However, Townsend says: “We have been approached by a lot of companies wanting to get involved. We are in a position to choose which ones we will work with.” A major factor in that decision is which of these companies have the most suitable digital infrastructure to fit with the BIB system.

BIB expects to sign contracts with an initial tranche of between 25 and 30 companies over November and December this year. The first interactive ads will appear on digital satellite next summer, while the first stations are expected to appear in October.

However, one senior agency source thinks that a BIB summer launch date is too optimistic. “They will never get it off the ground in time. They have only just established a standard platform for the system. Most retailers’ technology is way behind them. BIB will also have a huge marketing job convincing people to buy another box for about 200.”

In the digital age we are told that information moves faster, a theory which may also apply to marketing directors, because Townsend says in the past three months he has given presentations to 100 companies. “And I have seen virtually all of them a second time,” he says.

Townsend adds: “Retailers are used either to buying ads or a shop space. What I am asking them to buy is bandwidth on a satellite. This is not an evolution, it’s a revolution.”

Ian Cheshire, the group marketing director for Sears (which owns the Freemans catalogue), has been looking at this medium for the past two years. He says: “The Internet is just not a mass-market medium now. BIB is the first mass-market commercial venture with serious backing that has been attempted in this country.

“Getting involved in this project is a question of when, rather than if. However, we don’t think we will see any return on investment in the first three years.”

BIB is understood to be asking companies to pay an annual figure of about 500,000 to get onto the system. Mail order companies or banks, which either have a lot of experience in home selling or particularly low overheads, estimate it will cost them a further 500,000 a year to run. Companies which will have to start from scratch are looking at running costs of up to 2m a year.

But the head of strategy at one top-ten agency thinks this could be a lot more expensive than current predictions suggest. “Take grocers,” he says. “They are going to have to start home-delivery services from scratch. They will have to keep perishable food chilled in small vans rather than large trucks. And if they deliver to an upmarket clientele they will have to work in the evenings. This is just one area that will cost money.

“There is a lot of nonsense talked about this. Financial services should do well because the success of cashpoints has shown that people do not need to go into a bank very often. But why would I want to watch a channel about Dixons?”

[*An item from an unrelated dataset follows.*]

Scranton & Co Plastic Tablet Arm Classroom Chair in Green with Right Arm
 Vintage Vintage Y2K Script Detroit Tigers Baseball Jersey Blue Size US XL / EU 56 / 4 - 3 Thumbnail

Andrew Warmsley, head of digital media at advertising agency Bartle Bogle Hegarty, says: “The Internet is an important bridge here. A lot of companies are working on Web projects as a way of getting into digital TV. It gets companies used to new technologies, as well as giving them experience of conducting two-way relationships with their customers.”

BIB is also getting its brand-building operation together. It has an undisclosed shortlist of three brand development agencies which will help to construct a company identity, including choosing a new name for the organisation. The company has also had a trio of TV design agencies on a shortlist to help develop a screen identity for the company. Townsend is leading the search for these agencies and expects to make appointments next month. He will not begin the search for an advertising agency until the new year.

The next few months is likely to be a frenetic time as companies jockey for position to be first on BIB’s network. Yet media agencies believe companies must expect to sustain three or four years of losses before their digital dreams come true and they turn their investments into profit.